5 Nisan 2024 Cuma

AŞİYAN BENİM DEĞİL,YÜREKLİ GENÇLİĞİNDİR

 



İNTERNET

                       AŞİYAN BENİM DEĞİL, YÜREKLİ GENÇLİĞİNDİR

 ( Karabaskı Yönetimi )

  Tevfik Fikret gibi sanatçılar, öncü aydınlar her ülkede ne yazık ki çok az bulunuyor! Gerçek ve doğru bulduğu yoldan gerekirse tek başına giden bir aydın; şair, yazar, öğretmen ve bir filozof…

   Emperyalizmin kuşattığı, sonuna kadar kanlarını emdiği Osmanlı İmparatorluğunun çöküş döneminin son tanıklarından birisidir Tevfik Fikret. Ve o döneme; “ Karabaskı Dönemi “ diyen de, haykıran da kendisidir…

   Fikret, son yıllarını üç şeye savaş açarak geçirmiştir. Dini alanda yobazlığa, siyasi alanda istibdada, ahlaka alanda ise namussuzluğa… İnanmadığı bir yönetime, çok sevdiği işinden, Galatasaray Müdürlüğünden ayrılarak kendi protestosunu başlatacaktır.

   Edebiyat aşkı, doğru-hak bulduğu yolda, yalnız başına gitme serüveni Aşiyan’da çizimlerini kendisinin yaptığı evde, yaşamının sonuna kadar devam edecektir. Aşiyan’da yapmış olduğu ev, onun için tam manasıyla yuva anlamına geliyordu. Bir sığınma yeri olmanın ötesinde kendisinin de ifade ettiği gibi;

 “ Aşiyan benim değil. Gerçek namına çalışacak, temiz cesur gençliğindir. Her baskıya, zorba anlayışa karşı duracak, düşünce adına çalışacak gençlerindir. Ben onların sabalarını yakıyorum. Çaylarını getiriyorum. Onlara baktıkça seviniyorum.”

   Fikret, dönemin yöneticileri için öyle büyük hatalar yaptılar ki, öyle çürümüş hale geldiler ki ancak bizlerin bir araya gelip ses çıkarmayışımızdan kuvvet buluyorlar, fikrini ısrarla savunuyor, anlatıyor, eserlerine aktarıyordu.

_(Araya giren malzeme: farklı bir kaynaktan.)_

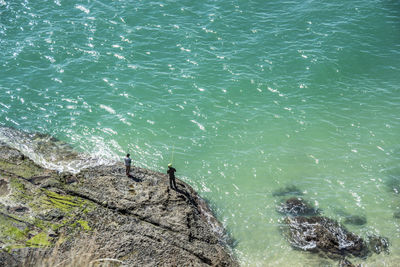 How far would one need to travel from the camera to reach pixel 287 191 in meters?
22.8

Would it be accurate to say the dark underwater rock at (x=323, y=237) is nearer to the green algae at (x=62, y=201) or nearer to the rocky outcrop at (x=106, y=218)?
the rocky outcrop at (x=106, y=218)

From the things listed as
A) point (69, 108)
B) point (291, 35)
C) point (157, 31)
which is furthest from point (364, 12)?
point (69, 108)

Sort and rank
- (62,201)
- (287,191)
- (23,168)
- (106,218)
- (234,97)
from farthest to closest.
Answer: (234,97) → (287,191) → (23,168) → (62,201) → (106,218)

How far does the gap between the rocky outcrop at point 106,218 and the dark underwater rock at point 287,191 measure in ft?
15.1

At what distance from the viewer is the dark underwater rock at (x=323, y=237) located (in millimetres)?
19234

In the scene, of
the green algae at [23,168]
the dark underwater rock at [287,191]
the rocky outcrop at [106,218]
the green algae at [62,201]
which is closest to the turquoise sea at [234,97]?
→ the dark underwater rock at [287,191]

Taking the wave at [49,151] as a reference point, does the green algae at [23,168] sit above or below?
above

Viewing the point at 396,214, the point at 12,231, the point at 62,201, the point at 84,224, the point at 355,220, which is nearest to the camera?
the point at 12,231

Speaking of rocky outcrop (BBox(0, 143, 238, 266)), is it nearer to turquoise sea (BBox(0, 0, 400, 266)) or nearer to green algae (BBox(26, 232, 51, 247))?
green algae (BBox(26, 232, 51, 247))

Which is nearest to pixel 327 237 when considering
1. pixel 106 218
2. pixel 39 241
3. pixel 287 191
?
pixel 287 191

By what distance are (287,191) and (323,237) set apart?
396cm

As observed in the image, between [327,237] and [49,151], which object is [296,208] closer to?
[327,237]

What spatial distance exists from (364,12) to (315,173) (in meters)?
21.1

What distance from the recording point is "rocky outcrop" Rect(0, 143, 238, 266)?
15.5m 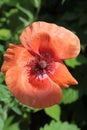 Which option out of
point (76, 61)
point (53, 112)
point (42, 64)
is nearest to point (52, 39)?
point (42, 64)

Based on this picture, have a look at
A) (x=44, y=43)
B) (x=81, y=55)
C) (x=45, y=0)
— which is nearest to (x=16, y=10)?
(x=45, y=0)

   Nereden bakarsanız bakın, çok büyük ve çok samimi bir araştırma yapın, iyi ve namuslu insanların çoğunlukta olduğunu göreceksiniz. Ama nasıl oluyorsa hep küçük azınlıkların büyük payı aldığı, dünyayı bile küçük azınlıkların kendi çıkarları için kullandığını göreceğiz. Ama niçin? Neden değişmez bu korkunç adaletsizlik?

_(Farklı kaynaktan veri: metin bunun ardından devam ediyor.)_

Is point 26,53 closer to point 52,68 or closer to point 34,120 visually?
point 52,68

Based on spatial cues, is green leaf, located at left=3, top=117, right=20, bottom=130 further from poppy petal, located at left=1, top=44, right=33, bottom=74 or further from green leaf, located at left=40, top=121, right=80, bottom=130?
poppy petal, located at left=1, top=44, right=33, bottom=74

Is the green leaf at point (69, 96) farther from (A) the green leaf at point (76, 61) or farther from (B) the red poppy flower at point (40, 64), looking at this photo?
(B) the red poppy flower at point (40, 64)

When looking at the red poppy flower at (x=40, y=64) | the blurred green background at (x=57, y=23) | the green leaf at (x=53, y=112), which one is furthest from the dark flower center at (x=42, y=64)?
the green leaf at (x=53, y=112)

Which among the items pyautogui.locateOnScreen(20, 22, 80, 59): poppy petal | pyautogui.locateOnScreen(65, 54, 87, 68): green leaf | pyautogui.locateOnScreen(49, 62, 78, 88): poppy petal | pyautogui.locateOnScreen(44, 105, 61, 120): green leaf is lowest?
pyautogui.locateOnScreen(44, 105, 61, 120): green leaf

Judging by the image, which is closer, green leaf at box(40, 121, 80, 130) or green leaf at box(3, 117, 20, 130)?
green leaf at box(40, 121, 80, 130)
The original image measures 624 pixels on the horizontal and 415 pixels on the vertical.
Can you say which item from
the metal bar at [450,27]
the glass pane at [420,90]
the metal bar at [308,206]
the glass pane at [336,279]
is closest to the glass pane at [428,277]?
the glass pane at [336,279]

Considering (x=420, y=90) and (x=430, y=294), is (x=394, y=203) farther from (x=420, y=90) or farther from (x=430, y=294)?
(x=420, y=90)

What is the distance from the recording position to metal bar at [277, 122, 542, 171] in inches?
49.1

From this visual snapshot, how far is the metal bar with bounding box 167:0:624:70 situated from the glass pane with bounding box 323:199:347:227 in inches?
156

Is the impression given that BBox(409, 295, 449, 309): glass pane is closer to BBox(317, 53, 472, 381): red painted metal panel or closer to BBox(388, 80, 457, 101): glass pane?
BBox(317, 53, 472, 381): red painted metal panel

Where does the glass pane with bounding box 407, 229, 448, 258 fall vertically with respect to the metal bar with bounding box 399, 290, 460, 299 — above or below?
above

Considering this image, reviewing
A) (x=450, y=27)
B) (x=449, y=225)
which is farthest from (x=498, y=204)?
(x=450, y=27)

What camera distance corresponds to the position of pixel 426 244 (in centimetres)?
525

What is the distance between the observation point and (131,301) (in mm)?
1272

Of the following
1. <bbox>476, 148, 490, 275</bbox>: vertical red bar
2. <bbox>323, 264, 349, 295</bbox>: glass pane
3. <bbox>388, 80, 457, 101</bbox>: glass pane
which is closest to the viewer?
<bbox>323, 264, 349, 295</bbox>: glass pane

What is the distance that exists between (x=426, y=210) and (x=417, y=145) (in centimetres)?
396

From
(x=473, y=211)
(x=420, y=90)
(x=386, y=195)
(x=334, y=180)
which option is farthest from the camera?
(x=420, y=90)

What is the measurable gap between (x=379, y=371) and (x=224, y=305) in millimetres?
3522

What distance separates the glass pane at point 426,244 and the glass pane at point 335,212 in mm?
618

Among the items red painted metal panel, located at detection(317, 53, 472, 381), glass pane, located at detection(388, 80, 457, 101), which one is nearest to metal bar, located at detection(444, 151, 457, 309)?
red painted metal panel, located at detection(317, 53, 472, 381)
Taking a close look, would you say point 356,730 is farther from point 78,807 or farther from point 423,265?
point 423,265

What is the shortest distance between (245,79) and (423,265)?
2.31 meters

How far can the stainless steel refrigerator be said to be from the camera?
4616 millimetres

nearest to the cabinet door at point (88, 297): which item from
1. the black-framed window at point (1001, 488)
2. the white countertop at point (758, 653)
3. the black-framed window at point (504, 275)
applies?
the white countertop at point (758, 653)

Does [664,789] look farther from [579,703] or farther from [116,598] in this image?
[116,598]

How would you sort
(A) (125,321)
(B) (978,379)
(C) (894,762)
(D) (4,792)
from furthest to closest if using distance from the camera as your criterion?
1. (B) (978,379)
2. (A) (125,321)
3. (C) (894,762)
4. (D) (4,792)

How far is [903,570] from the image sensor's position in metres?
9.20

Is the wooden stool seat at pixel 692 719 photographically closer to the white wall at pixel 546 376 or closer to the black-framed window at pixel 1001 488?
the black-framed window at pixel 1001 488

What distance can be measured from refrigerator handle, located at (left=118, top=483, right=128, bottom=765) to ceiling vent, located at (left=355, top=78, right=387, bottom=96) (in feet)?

   Fikret’in dediği gibi olmasın sakın: -Büyük çoğunluğun sessiz kalışından dolayı cesaret alıp, korkularını bu cesaretle yamamış, kokuşmuş yönetimlerini büyük çoğunluğun korkularıyla örtmüş olabilirler mi?

   Düşünce sanatı muhteşem bir zenginliktir.İyiyi ve kötüyü ayırmanın yanında,ölümcül kin ve nefreti de yok eder.Aklın büyük disipliniyle düşünür ve sorgular.Doğru,gerçekçi sorular,çok net cevaplar ve izlenecek yıl haritalarını da kendiliğinden gün yüzüne çıkartır…

  Fikret sonuna kadar; “ Onları bizim korkumuz yaşatıyor. Biz, biraz kendimizi gösterelim, bak nasıl sinerler, yumuşarlar!” Her yanlış, her çürümüş olay, öykü, yönetim için böyle değil midir?

   Evde, işyerinde, mahallede, her yerde; despot hale gelmiş birinin; ister evlat, ister eş, ister akraba; büyük çoğunluk ona ses çıkarmamaya başladıysa; bilin ki, tanınmaz bir hale, korkunç yanlışlara doğru dönüşüm geçirecek, her yaptığının doğru, her saldırısının adaletli olduğunu düşünecektir…

   Tevfik Fikret, ne kadar konuşulsa, anlamaya çalışılsa bitmez; bir okyanus gibidir; üzerinde sınırsız adacıklar, sularında ise eşsiz düşünceler gizlidir. Bir şiiriyle tekrar analım en sevdiği okulundan koparılmış, küstürülmüş sanatçıyı;

“Kimseden bir fayda ummam ben, dilenmem kol kanat.

  Kendi boşluk, kendi gökkubbemde kendim gezginim.

  Bir eğik baş bir boyunduruktan ağırdır boynuma;

  Fikri hür, irfanı hür, vicdanı hür bir şairim.”